Trotz des unterirdischen Eisozeans bleibt der Mars eine Wüste. Flüssiges Wasser an seiner Oberfläche würde bei dem herrschenden niedrigen Atmosphärendruck verdunsten. Selbst das Eis hält sich, zumindest in einiger Entfernung von den Polen, nur in einer gewissen Tiefe.

Mit Hilfe von Modellrechnungen erschlossen die Forscher den Aufbau des Marsbodens. Demnach gliedert er sich jenseits 60 Grad südlicher Breite in zwei Schichten. Die obere ist lediglich einige Dezimeter dick und hat einen Wasseranteil von nur rund einem Prozent. Das Wasser ist vermutlich in Mineralien gebunden. Die untere Schicht besteht dagegen aus einer Mischung von Marsstaub und Eis. Dessen Anteil nimmt zum Südpol hin von etwa dreißig auf rund sechzig Gewichtsprozent zu; zugleich rückt die Eis führende Schicht näher an die Oberfläche heran.

Wie der Boden in größerer Tiefe aussieht, ist allerdings noch unbekannt: Neutronen blicken maximal bis etwa ein oder zwei Meter unter die Oberfläche, und Gammastrahlen liefern sogar nur Informationen über die obersten dreißig bis fünfzig Zentimeter. Diese Beschränkung wird erst die europäische Mars Express Mission aufheben, die frühestens 2004 den Mars mit Hilfe von Radar einige Kilometer tief durchleuchten soll.

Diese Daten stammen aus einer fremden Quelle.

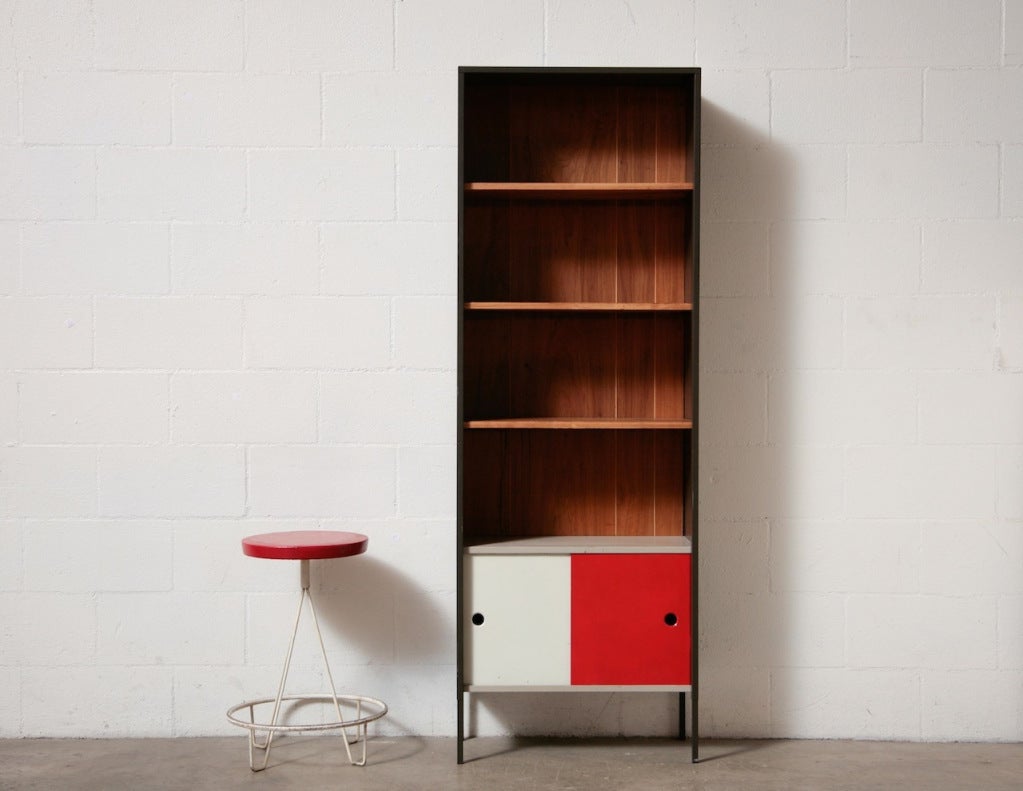 Grey enameled Metal cabinet with Wood Paneled Backing, New Stained Birch Book Shelves over a Small Cabinet with Red and White Enameled Metal Sliding Doors.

Jetzt sind erst einmal die alltäglichen Probleme mit der Odyssey-Sonde zu bewältigen. Nach Auskunft von Johannes Brückner, Physiker in der Abteilung Kosmochemie des Max-Planck-Instituts für Chemie in Mainz und Spezialist für Gammastrahlung im GRS-Team, stand der Germaniumkristall während des

Hinflugs zum Mars unter unerwartet schwerem Beschuss durch Partikel aus Sonneneruptionen. Dadurch entstanden Störungen im Kristallgitter, welche die Energieauflösung des Detektors verschlechtern. Durch Aufheizen auf bis zu 100 Grad Celsius, ein von Brückner mitentwickeltes Verfahren, könnten die Germaniumatome dazu gebracht werden, wieder ihre regelmäßige Anordnung anzunehmen. Die Technik an Bord der Odyssey hat jedoch eine Tücke: Wegen Wärmeverlusts lässt sich der Kristall nur auf 75 Grad Celsius erwärmen. So bleibt sein Ausheilen unvollständig. Inwieweit das die Messergebnisse beeinträchtigen wird, bleibt abzuwarten.